A. You may owe plenty of taxes, but not necessarily to the entity you think.
Federal capital gains are imposed on profits from your share of the New York real property, said Shirley Whitenack, an estate planning attorney with Schenck, Price, Smith & King in Florham Park.
She said New York State also imposes capital gains tax and there could be local taxes, too.
Then there’s New Jersey, which does not impose capital gains taxes, she said.
Whitenack said the amount of capital gains taxes that may have to be paid depends on your income tax bracket.
“The investment would be considered to be long-term because it was held for at least a year and a day,” she said. “Federal tax filers for the year 2017 in the 10 to 15 percent tax bracket pay zero percent, those in the 25 to 35 percent tax bracket are subject to a 15 percent rate and those in the 39.6 percent tax bracket are subject to a 20 percent rate.”

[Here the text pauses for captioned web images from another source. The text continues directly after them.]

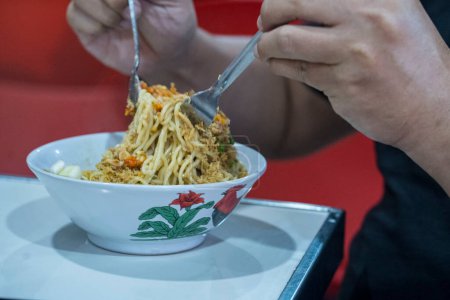 Foto de El primer plano de dos manos se prepara para comer Mie Ayam o popular plato indonesio que consiste en sabrosos y salados fideos de pollo. Fotografía de alimentos. - Imagen libre de derechos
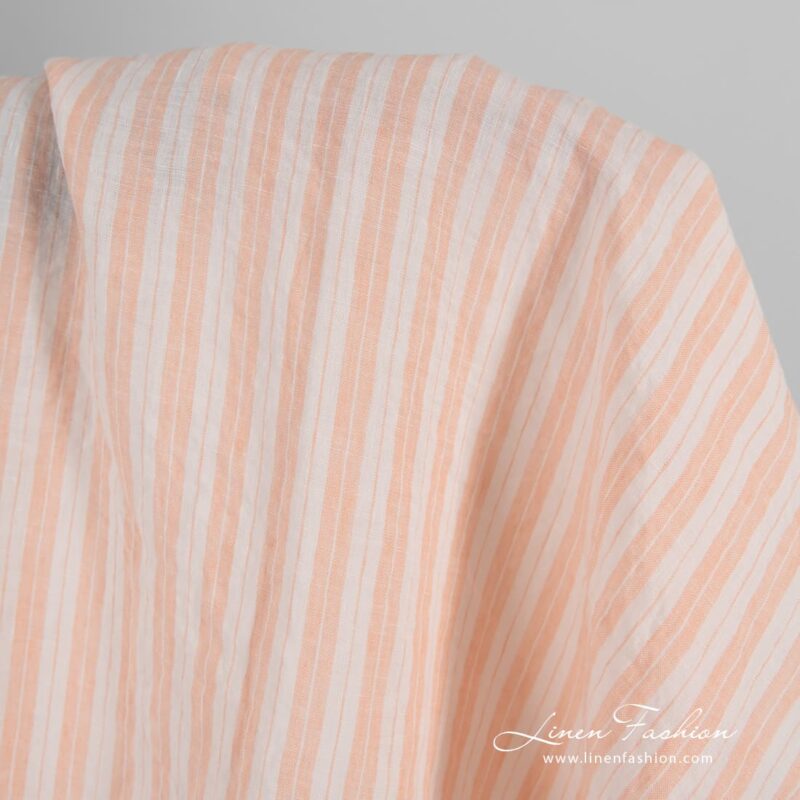 Striped linen fabric in peach color, washed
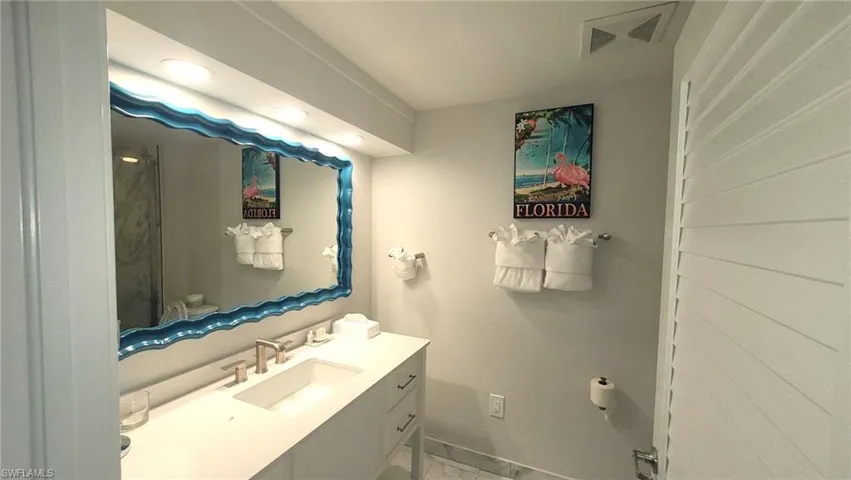 Bathroom featuring vanity, baseboards, and visible vents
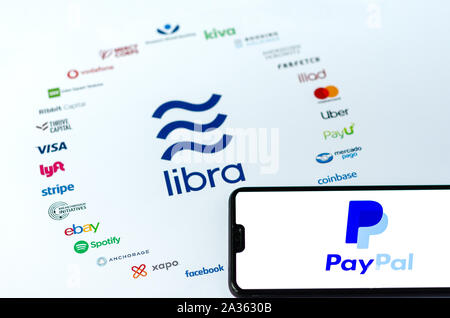 Die Libra Logo auf dem Papier Broschüre und PayPal Logo auf dem Bildschirm des Smartphones. Illustrativ für die News, dass PayPal verlässt den Verein. Stockfoto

New York’s top capital gains rate is the second highest in the country at 31.5 percent, but is lower for those in lower tax brackets, Whitenack said. “While the federal capital gains tax rate is lower than the rate for ordinary income, the New York rate is the same as the ordinary income rate.”
You should speak to your tax preparer to make a determination on your capital gains taxes.